Dancing birds and bear hair: Michigan surveys help track wildlife populations

The DNR uses many methods to monitor Michigan wildlife populations, and two of the more interesting wildlife surveys – involving a bird’s intricate aerial dance and snagging bear hair – are taking place across northern Michigan in May.

The American Woodcock Singing-Ground Survey is performed annually across much of the northern United States, giving wildlife agencies an idea of this migratory bird’s breeding populations.

Woodcock return to northern locations like Michigan – a national leader for the number of young woodcock produced each year – from their winter homes in southern Gulf Coast states to find a mate and breed.
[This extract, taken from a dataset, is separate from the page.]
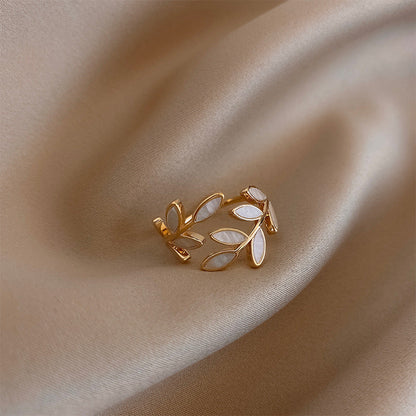Elin™ | Justerbar ring i guld med hvid opalblad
Spring, when their unique breeding behavior can be seen and heard in the evenings, is the perfect time to count them. Just after sunset, males can be found in their singing grounds, or grassy openings, making a nasal, insect-like call known as a “peent” every four to five seconds and performing their spiral display flights.The singing-ground survey is performed annually along more than a hundred 3.6-mile survey routes.

For the bear hair snare survey, locations across the northern Lower Peninsula are baited with bacon and donuts and surrounded by barbed wire. In order to reach the bait, a bear will cross the barbed wire and snag hairs, leaving a DNA sample behind. DNR staffers will visit 257 baited locations six times starting the week of May 27 to collect snagged bear hair and send it to the DNR Wildlife Disease Lab for analysis, which will assist with future bear population estimates.